Her total cost for gear since joining the Riveters totaled $3,900 of her own money (a portion of her new helmet and paint job was offset by a fan-created GoFundMe account). The league, because of new policies, informed Sass she could only be reimbursed for half of any visible equipment, excluding custom helmet paint jobs. That came out to $1,568 in her case.
“The language and rules on equipment and brands were never directly expressed to all of the goaltenders,” Sass said.
NWHLPA director Anya Battaglino is aware equipment and other finance-related logistics need to change and has worked to make improvements this off-season. However, the conversations that led to yesterday’s announcement, from her perspective, gave little room to discuss such changes to league policy.
On Tuesday, the NWHL held a conference call for players and prospects to address some of these forthcoming changes. Going into the call, Battaglino’s goal was to inform players of the deal in the works.
“We’re still in heavy contract negotiations,” she told The Hockey News on Wednesday night. “The league lawyers are drafting the contract and will be resending it hopefully soon.”
The new contract is set to include an increase to per diem and funds to ensure goaltender equipment matches team colors.
“I think that once that contract is done…that will help turn tide,” said Battaglino, who is expecting the contract by today.
Battaglino also shared, and the league office announced Thursday, a 50-50 revenue share from league-level sponsorships and media-rights deals.

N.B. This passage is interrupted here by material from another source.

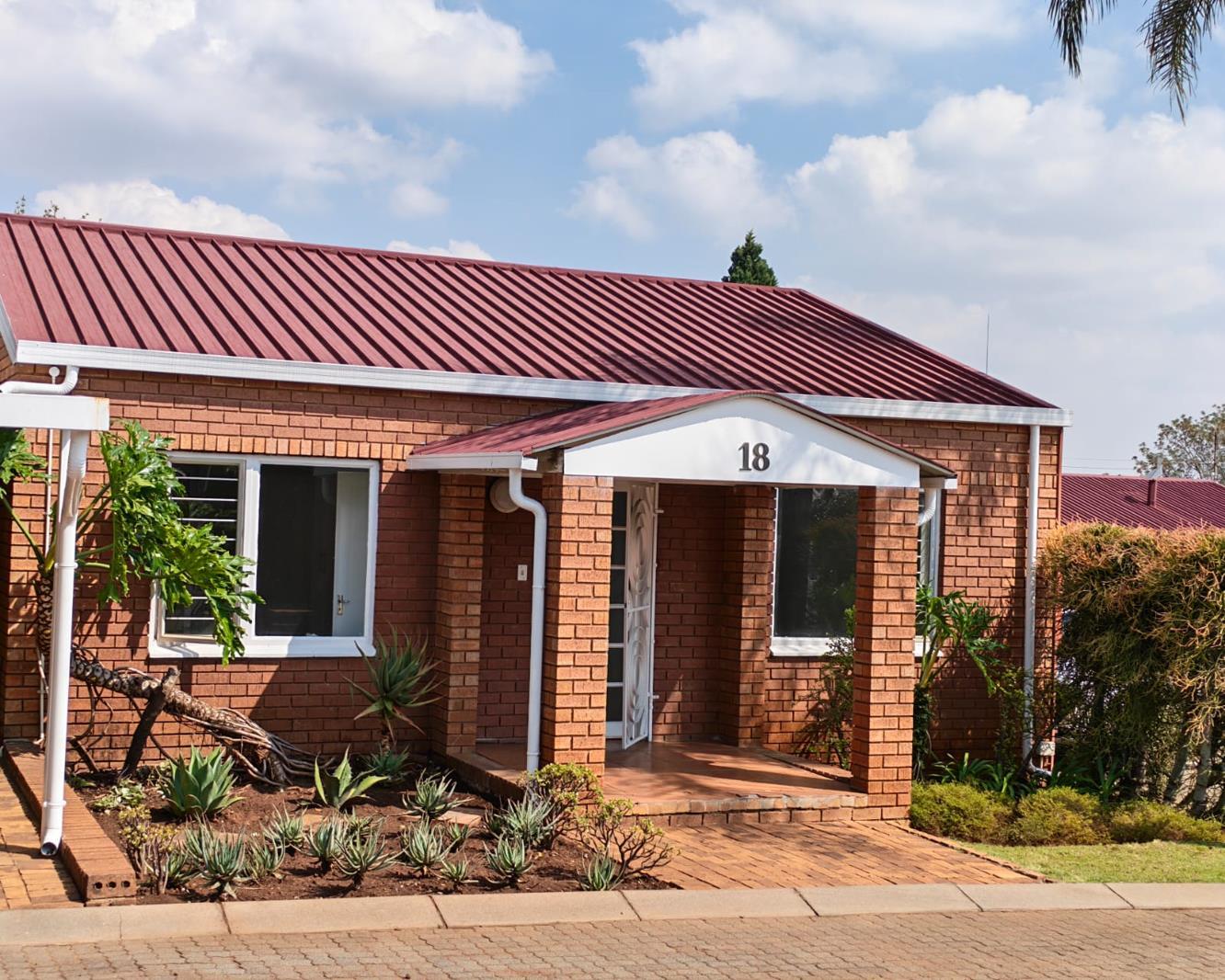 2 Bedroom Simplex in Die Hoewes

A player making the $4,000 league minimum would make roughly 4 percent of the market share under the new deal. If the league pulls in $2 million, that is an additional $5,600 per player, bringing the total compensation package to nearly $10,000, the same league minimum salary Sass made in Buffalo. As a comparison, the 22-year WNBA often referenced as the model for an NHL-run women’s hockey league, currently offers players less than 25% in revenue shares.
However, the details are of no interest to Knight. When asked if the road to a better women’s hockey future could ever lead to back to the NWHL, the gold medalist replied, “No.”

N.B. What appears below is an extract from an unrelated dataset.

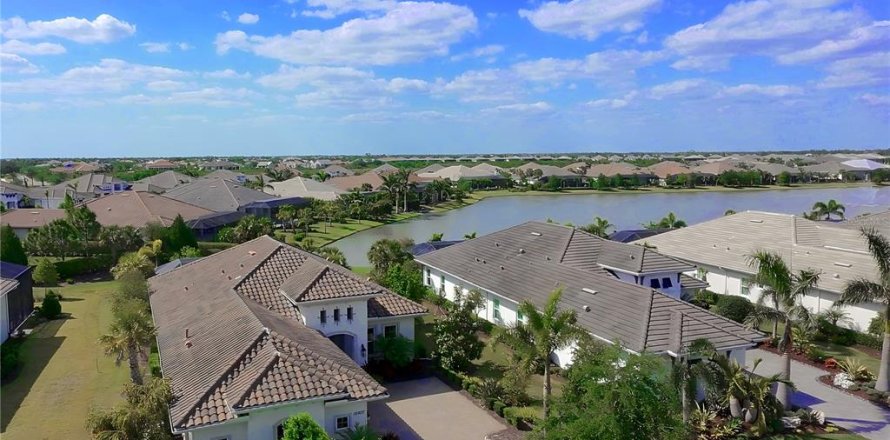 Casa en Lakewood Ranch, Florida 3 dormitorios, 230.49 m2 № 1718574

“There’s a reason why I moved up to Canada and left all my friends behind in Boston and left that league,” Knight said. “I think those same issues are represented similarly among the people who are like, ‘You know, what, I’m not doing anymore! I’m not perpetuating this cycle that is not going anywhere. Why are we pretending this is a professional league? I think it’s one thing to say, professional league, I think it’s another thing to actually have one. That’s what we’re interested in creating. What that future looks like specifically, I’m not sure. But I know right now, it doesn’t exist.”
Sass agreed, “I want to create a better future, and this is how I’m doing it. I’m not sure what that will look like or when that will happen. I personally plan on continuing to train to keep the doors open to future possibilities. If I am not a part of it but it’s viable, sustainable and professional, then I succeeded. If I am a part of it, that’s even better.”
Both Knight and Sass alluded players not signing pro contracts in North America will be visible through camps or even competitive games against each other.
“We’re going to figure it out,” Knight said. “We don’t necessarily know specifically what next year is going to look like, but we’re all in it together to pull different resources and make sure that we will have places to play.”
She is optimistic, even as the structure, funding, and the existence of a salary down this new road is questionable for the immediate future: “The possibilities are endless, and I think it’s going to provide a unique opportunity for a lot of fans this upcoming year to not be dispersed between two leagues and really have a lot of the top talent in the same position.”